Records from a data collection
:::::
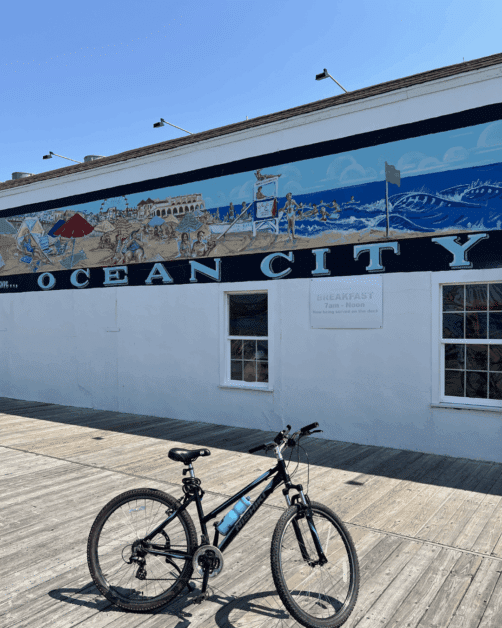 bike in front of ocean city mural in new jersey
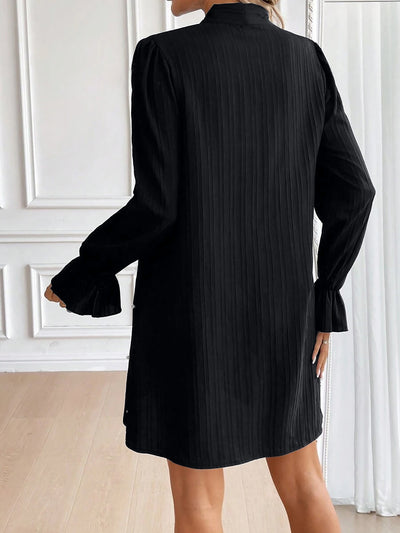 Women's Tie Beaded Long Sleeve Solid Color Dress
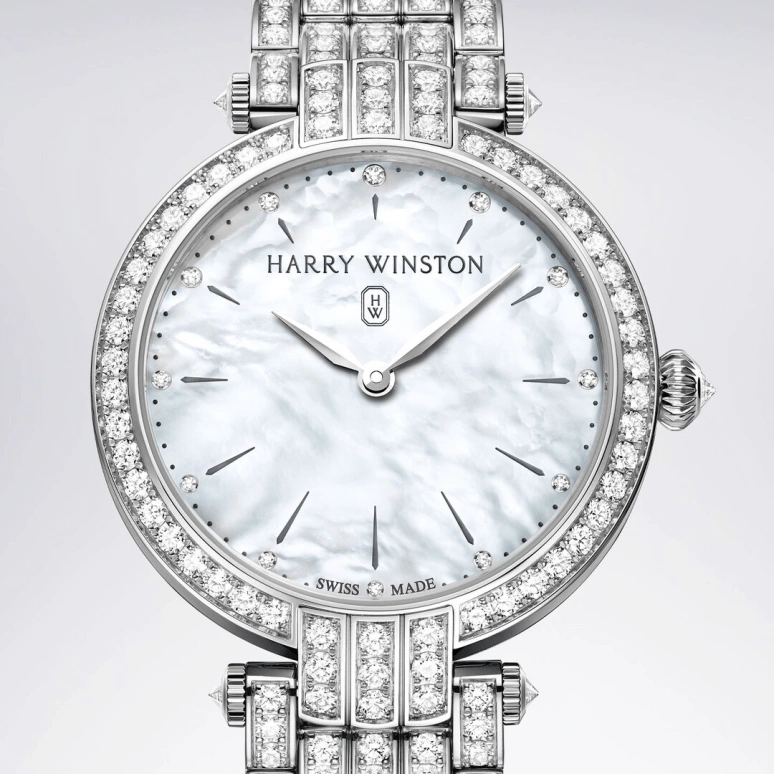 Harry Winston,The Premier 31mm,31mm,Gold,White Gold,White,Quartz,In-house Caliber,Mother of Pearl,PRNQHM31WW004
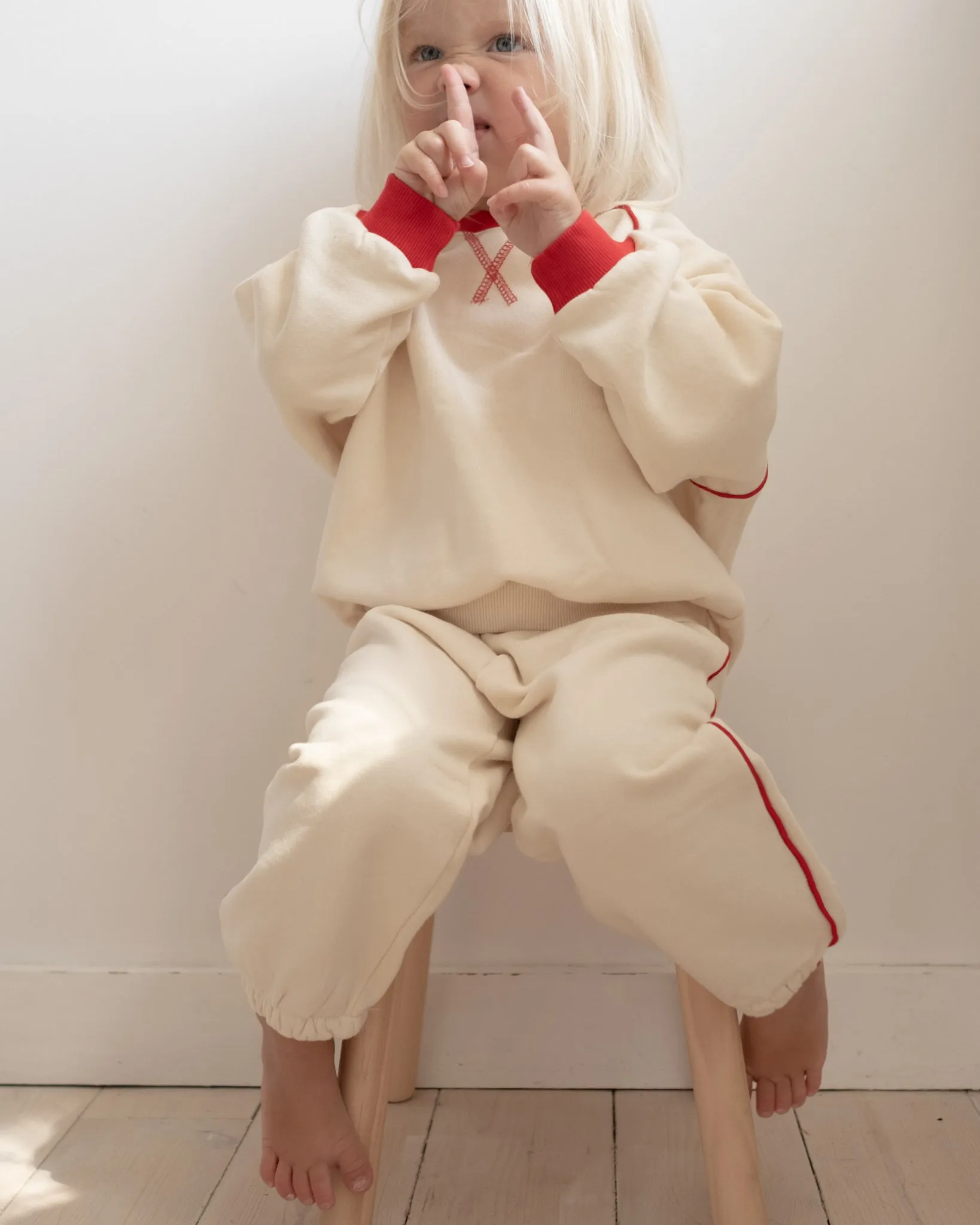 tiny red stripe joggers sold by Kindly product image thumbnail 3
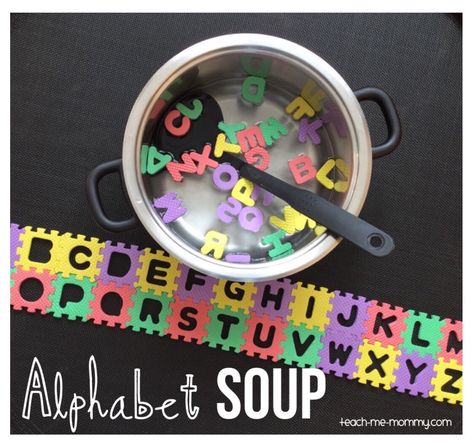 Fun alphabet soup literacy activity Learning Alphabet Activities Preschool Abc Games, Alphabet Knowledge Activities Preschool, Alphabet Soup Preschool, Learning Letters Activities, Alphabet Party, Making Soup, Alphabet Centers, Fun Alphabet, Aktiviti Kanak-kanak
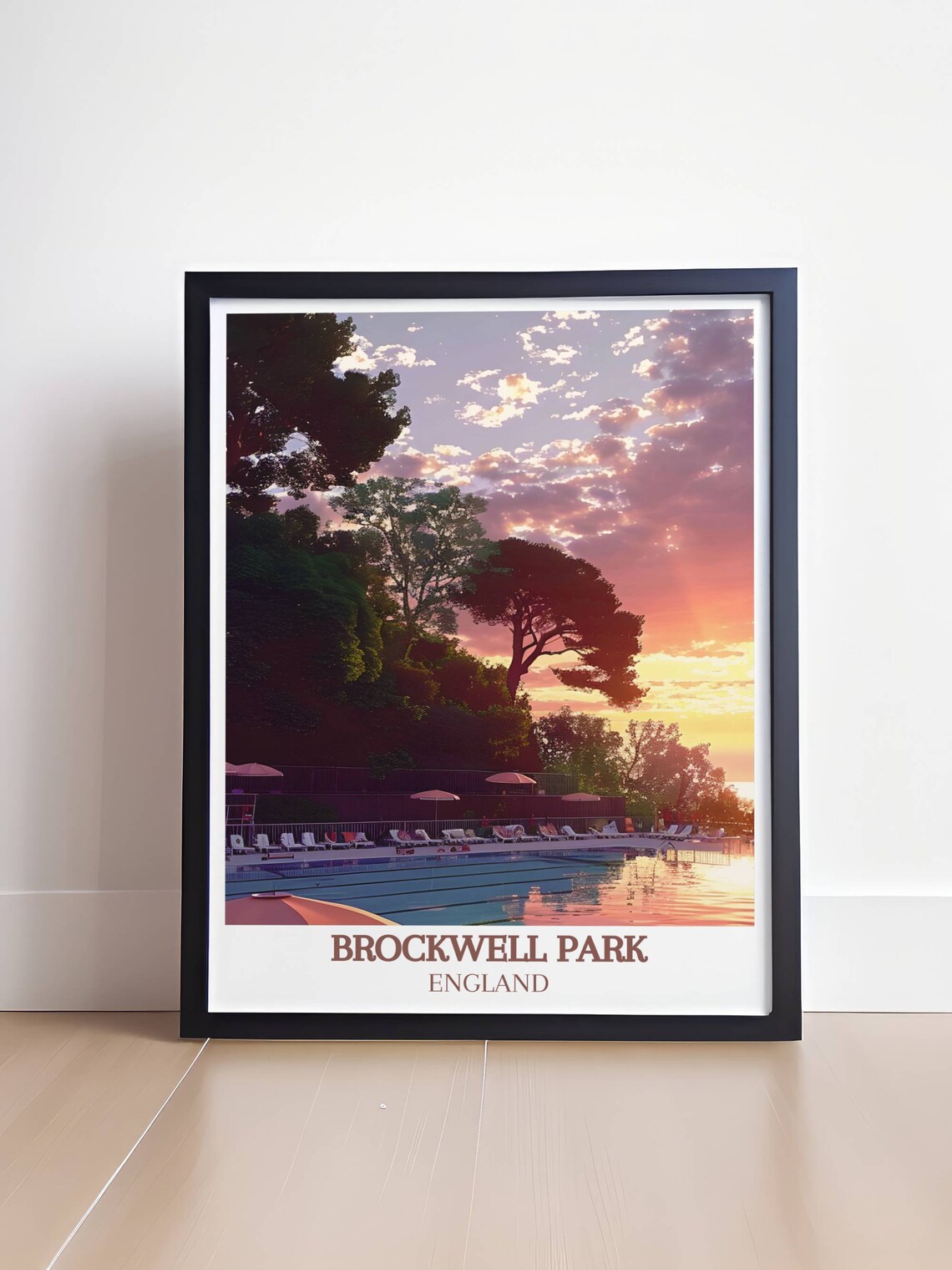 Brockwell Park Lido Sunset Swimming Pool London England Poster - Image 4
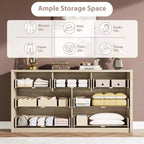 Comò a 7 cassetti per camera da letto, cassettiera ampia e moderna in legno con grande capacità di archiviazione, organizzatore per soggiorno, corridoio, ingresso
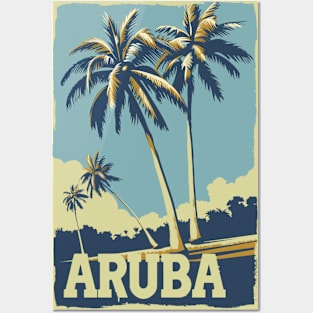 A Vintage Travel Illustration of Aruba Posters and Art
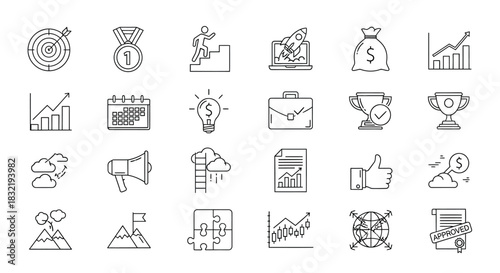 Hand drawn doodle business icons set, success, strategy, management, marketing, start up, target, money, growth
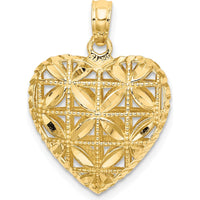 14K Yellow Gold 3D Filigree Puffed Heart Pendant - Polished Finish by Oro Pregiato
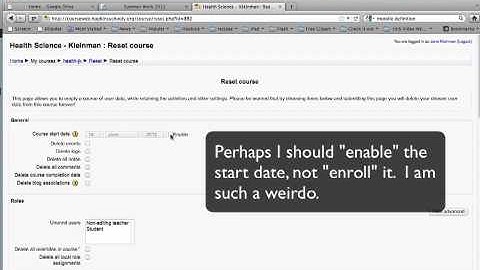 Reset Your Moodle Course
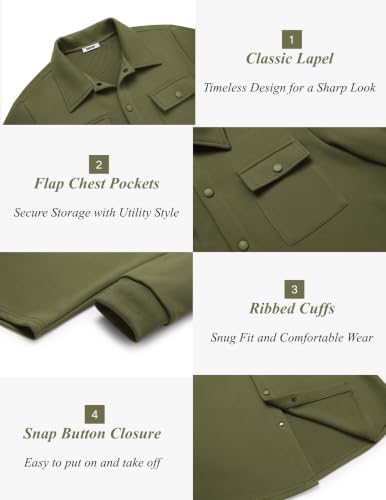 COOFANDY Men Outfits 2 Piece Sweatsuit Jogging Suits, Army Green, Medium - image 5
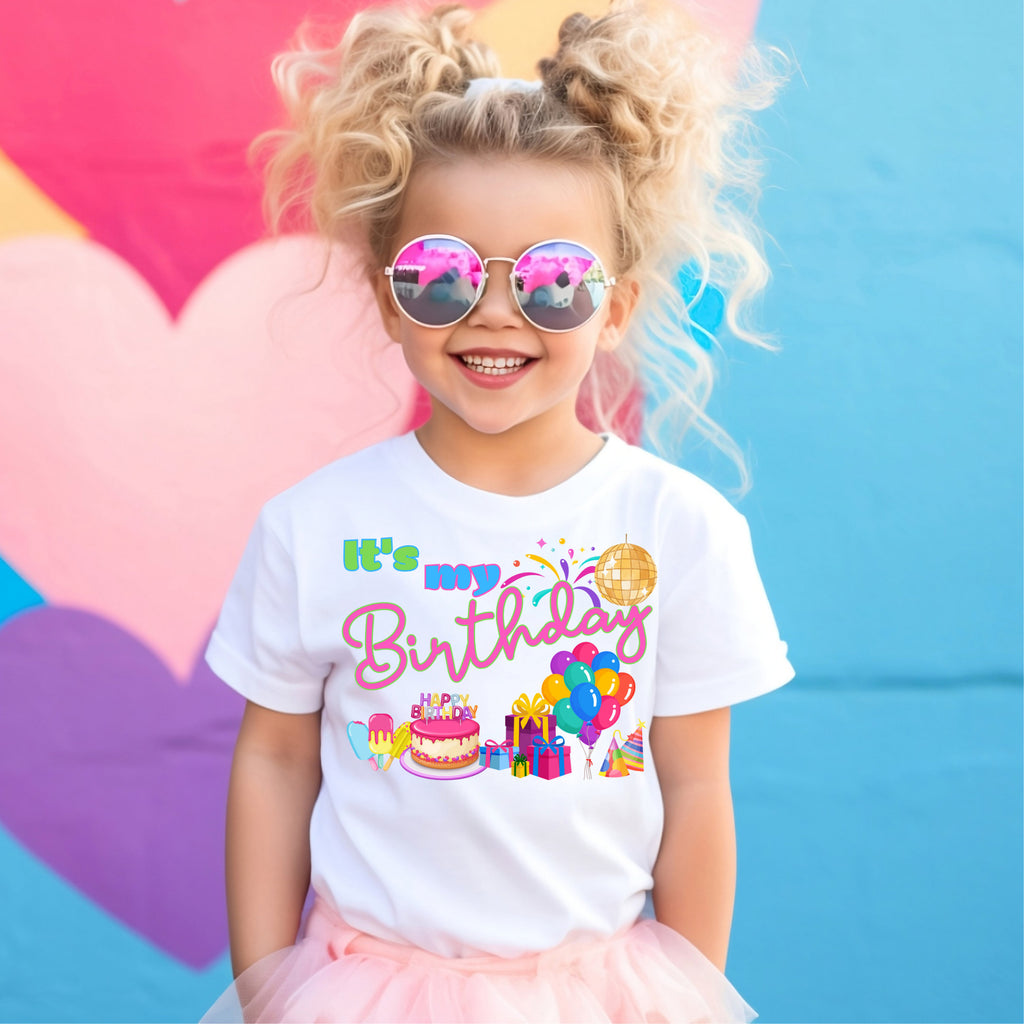 Kid's T-shirt - It's my Birthday - Black or White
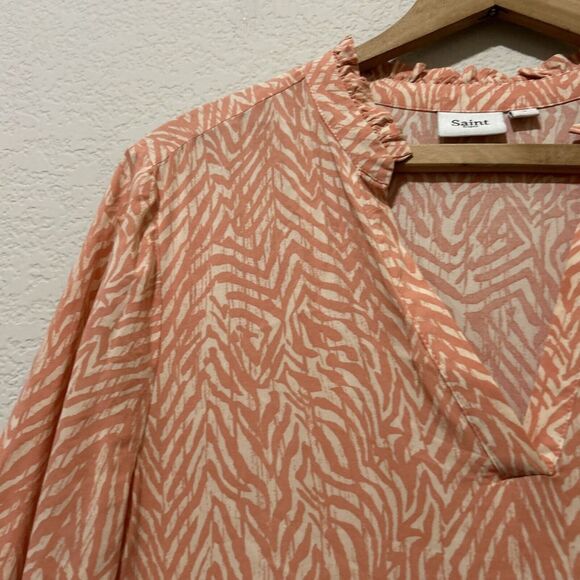 Saint Tropez EdaSz Swim Coverup Dress Small Orange Peach - Picture 3 of 15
:::::
» Assignment: Every entry above needs to be duplicated precisely, and none of the pictures should appear.

» Response area:
 bike in front of ocean city mural in new jersey
 Women's Tie Beaded Long Sleeve Solid Color Dress
 Harry Winston,The Premier 31mm,31mm,Gold,White Gold,White,Quartz,In-house Caliber,Mother of Pearl,PRNQHM31WW004
 tiny red stripe joggers sold by Kindly product image thumbnail 3
 Fun alphabet soup literacy activity Learning Alphabet Activities Preschool Abc Games, Alphabet Knowledge Activities Preschool, Alphabet Soup Preschool, Learning Letters Activities, Alphabet Party, Making Soup, Alphabet Centers, Fun Alphabet, Aktiviti Kanak-kanak
 Brockwell Park Lido Sunset Swimming Pool London England Poster - Image 4
 Comò a 7 cassetti per camera da letto, cassettiera ampia e moderna in legno con grande capacità di archiviazione, organizzatore per soggiorno, corridoio, ingresso
 A Vintage Travel Illustration of Aruba Posters and Art
 Hand drawn doodle business icons set, success, strategy, management, marketing, start up, target, money, growth
 14K Yellow Gold 3D Filigree Puffed Heart Pendant - Polished Finish by Oro Pregiato
 Reset Your Moodle Course
 COOFANDY Men Outfits 2 Piece Sweatsuit Jogging Suits, Army Green, Medium - image 5
 Kid's T-shirt - It's my Birthday - Black or White
 Saint Tropez EdaSz Swim Coverup Dress Small Orange Peach - Picture 3 of 15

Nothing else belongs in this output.